- **DATASET EXCERPT**:
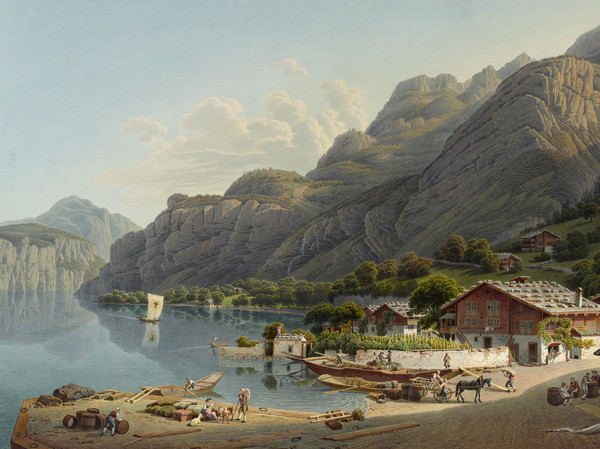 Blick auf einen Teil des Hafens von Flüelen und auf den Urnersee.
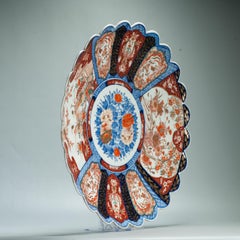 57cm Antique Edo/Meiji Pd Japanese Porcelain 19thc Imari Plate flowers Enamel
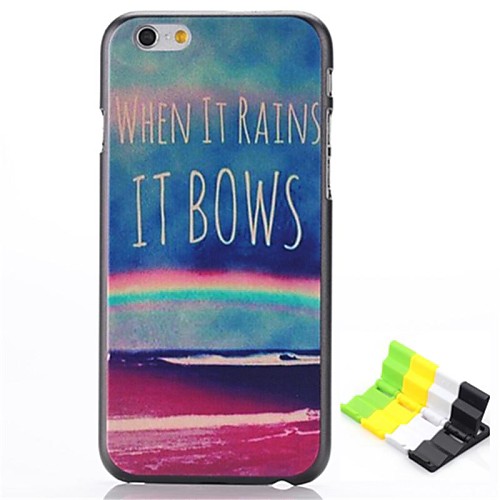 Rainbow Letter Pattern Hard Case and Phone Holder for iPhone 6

- **ASSIGNMENT**:
Word for word, retype all of the data above, but include no pictures.

- **FINISHED TASK**:
 Blick auf einen Teil des Hafens von Flüelen und auf den Urnersee.
 57cm Antique Edo/Meiji Pd Japanese Porcelain 19thc Imari Plate flowers Enamel
 Rainbow Letter Pattern Hard Case and Phone Holder for iPhone 6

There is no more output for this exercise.